Die durch den Lockdown erlittenen Verluste seien für die Betriebe nicht mehr aufzuholen. Die Krise treffe das mittelständisch geprägte Kraftfahrzeuggewerbe zudem in der Phase der Transformation hin zu alternativen Antrieben und sich verändernden Mobilitätskonzepten. “Es ist daher für unsere gesamte Wirtschaft von entscheidender Bedeutung, dass die Kfz-Betriebe bei diesem Wandel strukturelle Hilfen erhalten, etwa bezogen auf betriebliche Investitionen rund um die Elektromobilität.”

Das Institut der Deutschen Wirtschaft (IW) hatte jüngst in einer Studie über die Bedeutung der Automobilindustrie in Deutschland geschrieben, dass die Branche jetzt mit einem Nachfrageschock konfrontiert sei, von dem sie sich nur langsam wieder erhole. “Von diesem Nachfrageschock ist vor allem der Automobilhandel betroffen”, so Jürgen Karpinski. “Daher fordere ich die politischen Entscheidungsträger dringend auf, die Betriebe des mittelständisch geprägten Kraftfahrzeuggewerbes in den geplanten Transformationsfonds für die Automobilbranche einzubeziehen.”

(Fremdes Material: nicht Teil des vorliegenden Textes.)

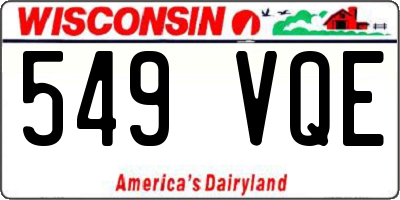WI license plate 549VQE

Die Ergebnisse des Autogipfels im Kanzleramt kommentiert Jürgen Resch, Bundesgeschäftsführer der Deutschen Umwelthilfe (DUH) äußerst kritisch: “Anstatt wichtige Zukunftsentscheidungen zu treffen, entschied sich Kanzlerin Merkel für den Todeskuss. Erneut hat die Verbrenner-Lobby einen Systemwechsel verhindert. Anstatt einen Ausstieg aus dem Verbrennungsmotor ab 2025 zu verkünden und damit Autoherstellern und ihren Zulieferern ein klares Signal zu setzen, endlich zukunftsfähige, emissionsfreie Fahrzeuge in Großserie herzustellen, sollen nun in ‘gemeinsamen Arbeitsgruppen’ finanzielle Hilfen auch für den Abverkauf von Diesel- und Benzin-Pkw erarbeitet werden. Der ‘Raubtierlobbyismus’ der Autokonzerne wird damit regierungsamtlich geadelt und institutionalisiert.

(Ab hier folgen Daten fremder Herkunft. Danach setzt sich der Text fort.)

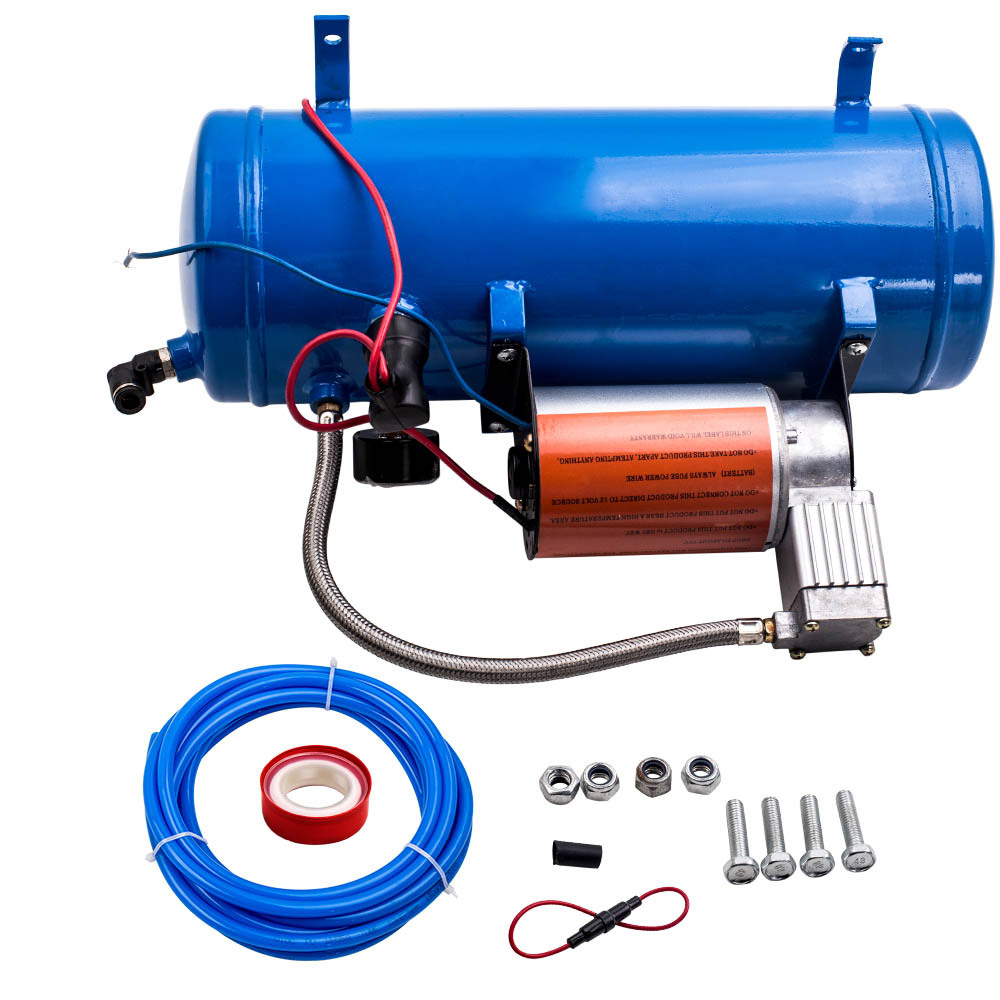 Nouveau kit de compresseur dair 12V DC 150PSI pour klaxon dair avec interrupteur de pression réservoir 6L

Die Ankündigung, nun bis November über Grundzüge einer Förderung der veralteten, klimaschädlichen Verbrennertechnologie zu sprechen, wird zu einer Kaufzurückhaltung führen, die als weiteres Druckmittel zur Durchsetzung derselben absehbar genutzt werden wird. Dabei werden künstliche, lebensverlängernde Maßnahmen für eine todgeweihte Verbrenner-Technologie den bereits begonnenen Niedergang der Automobilindustrie noch beschleunigen. Ab 2025 werden Benzin- und Diesel-Pkw aus immer mehr europäischen Städten ausgesperrt sein. Wer da jetzt nicht umsteuert, fährt in den Niedergang.

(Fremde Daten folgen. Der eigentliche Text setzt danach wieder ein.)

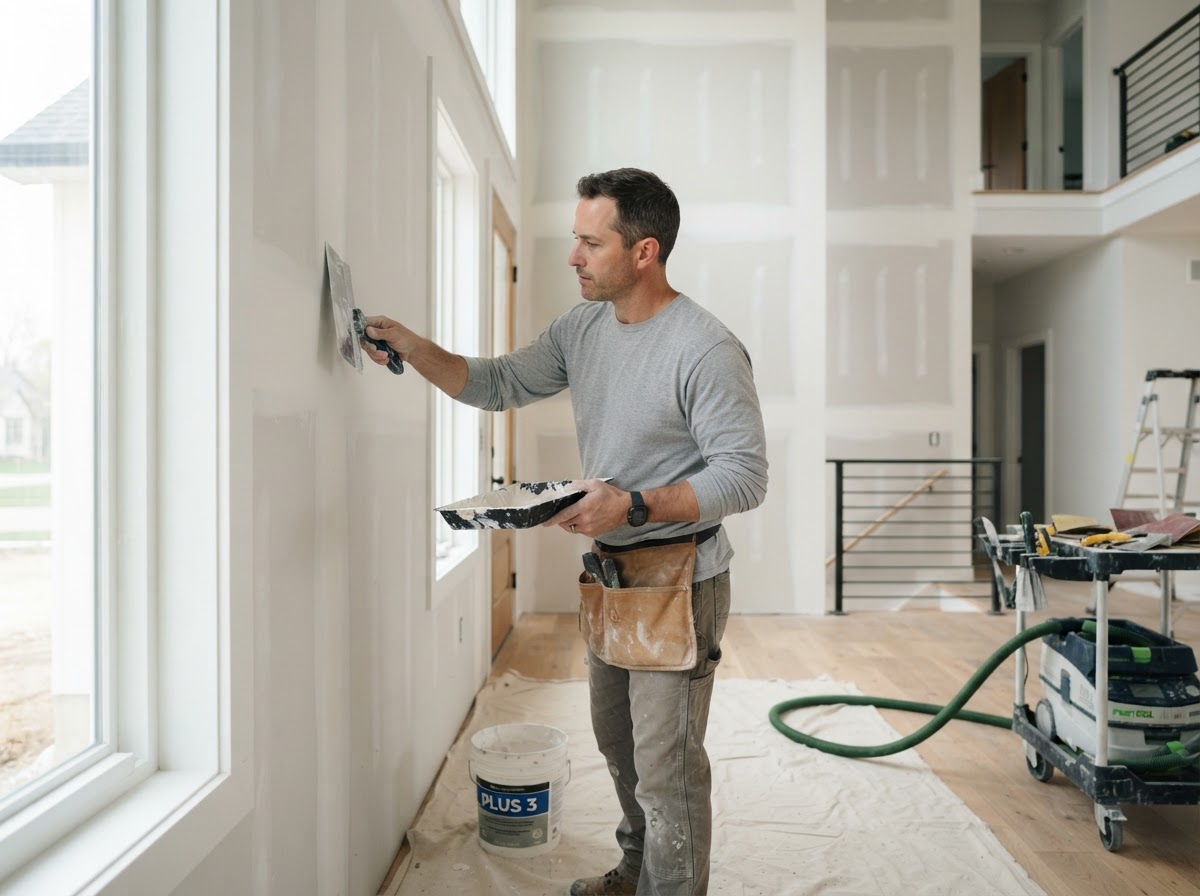 Drywall finishing inside a newer suburban Avon Ohio residential interior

Die einzige Hilfe, die mittelständischen Zulieferern wirklich nachhaltig nützt, ist die Hilfe zu einem schnellen Umstieg auf batterieelektrische Mobilität. Die Unternehmen müssen wissen, wohin die Reise geht. Sie brauchen ein klares Signal zum beschleunigten Ausstieg aus dem Verbrenner. Dass die Bundesregierung erneut versäumt hat, die Förderung von überdimensionierten, klimaschädlichen Plug-In-Hybrid-Pkw zu beenden, zeigt uns, dass sie das nicht verstanden hat. Und ginge es ihr wirklich um den Erhalt der Arbeitsplätze im mittelständisch geprägten Kfz-Gewerbe, würde sie die Dieselkonzerne dazu verpflichten, die elf Millionen Betrugs-Diesel der Abgasstufen Euro5 und 6 auf Kosten der Hersteller mit funktionstüchtigen Abgaskatalysatoren nachzurüsten. Mit einem solchen Konjunkturprogramm könnten zehntausende Arbeitsplätze gesichert und gleichzeitig die Luftqualität in unseren Städten entscheidend verbessert werden.

Die Politik muss endlich klare und mutige Entscheidungen für absolut emissionsfreie Antriebe treffen. Das wird ihr im Hinterzimmer mit der Autolobby nicht gelingen. Es ist mehr als überfällig, wie bei allen anderen Themen auch, alle an einen Tisch zu holen: Wissenschaft, Zivilgesellschaft, Vertreter des öffentlichen Nahverkehrs. Auf einem solchen, wirklichen Mobilitätsgipfel könnten sinnvolle Weichenstellungen für die Zukunft eine Chance haben.”